The sky is truly the limit for space-enabled Bluetooth devices: the startup says its technology can be used in markets including logistics, cattle tracking, smart collars for pets, GPS watches for kids, car inventory, construction sites, and soil temperature monitoring. Haro said the low-hanging fruit is those industries that are desperate for network coverage even once per day, like remote asset monitoring for the oil and gas industry. As the constellation scales, Hubble will turn its attention to sectors that may need more frequent updates, like soil monitoring, to continuous coverage use cases like fall monitoring for the elderly.

Once its up and running, a customer would simply need to integrate their devices’ chipsets with a piece of firmware to enable connection to Hubble’s network.

Hubble was founded in 2021 by Life360 co-founder Alex Haro, Iotera founder Ben Wild (who sold his startup to Ring), and aerospace engineer John Kim.

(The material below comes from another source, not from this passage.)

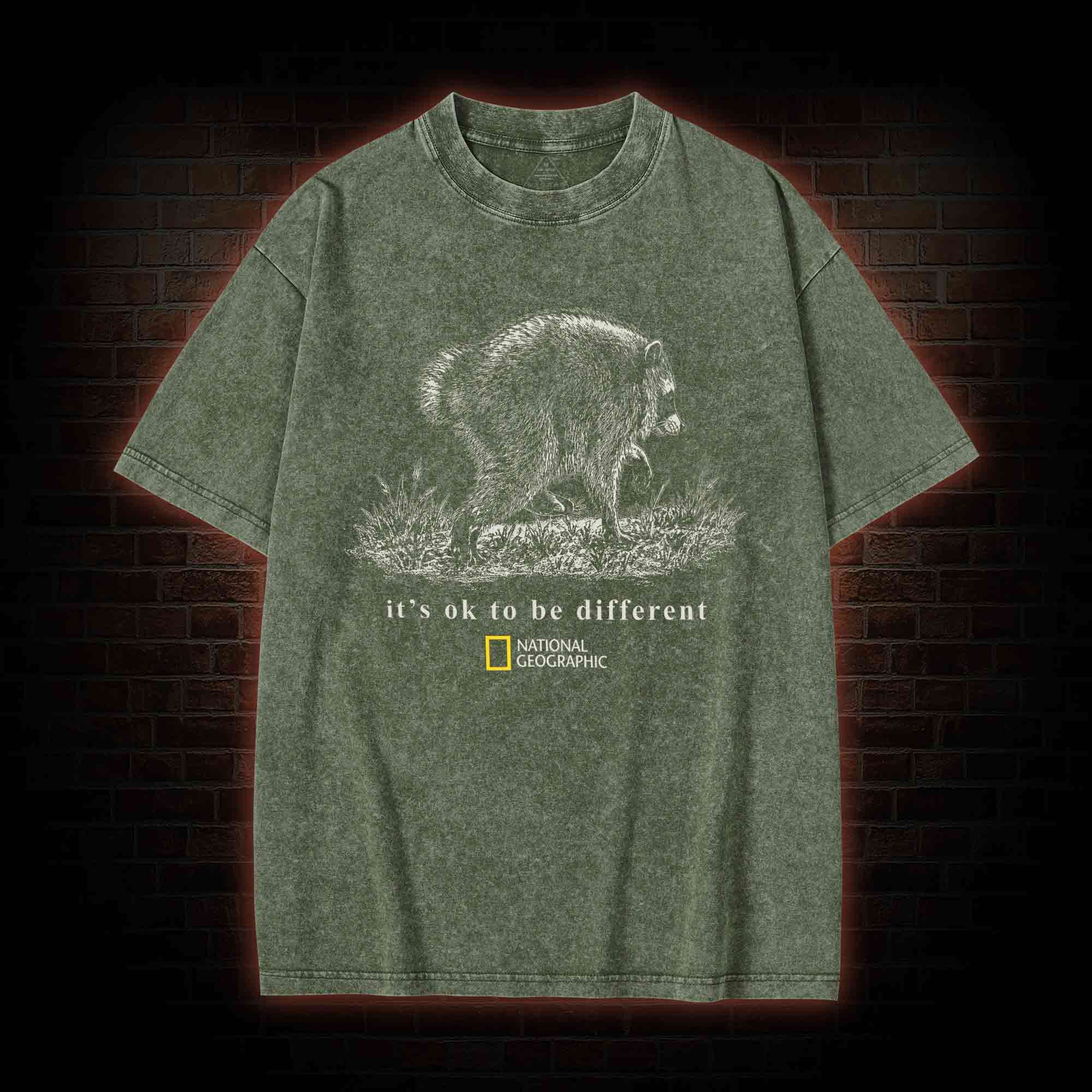 It's Ok to be Different Jimothy Washed T-shirt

Haro said the first time Wild presented the idea of connecting a Bluetooth chip to a satellite, his initial reaction was, “No freaking way.” And it does sound crazy, especially as consumer electronics can struggle to connect to other Bluetooth-enabled devices that are just a few feet away.

But the demand is there: existing IoT device are power hungry, are costly to operate, and lack global connectivity, the company says. These are fundamental limitations related to Bluetooth-enabled devices today, and they prevent many industries from leveraging IoT for their businesses.

The company joined Y Combinator’s Winter 2022 cohort and closed a $20 million Series A last March. Hubble’s first innovation was to develop software enabling off-the-shelf Bluetooth chips to communicate over very long ranges with low power.

On the space side, the company also patented a phased array antenna that can launch on a small satellite. The antennas work almost like a magnifying glass, and it’s what enables an off-the-shelf Bluetooth chip to communicate with the Hubble satellite. The team also had to solve Doppler-related problems, frequency mismatches occur between fast-moving objects exchanging data via radio waves.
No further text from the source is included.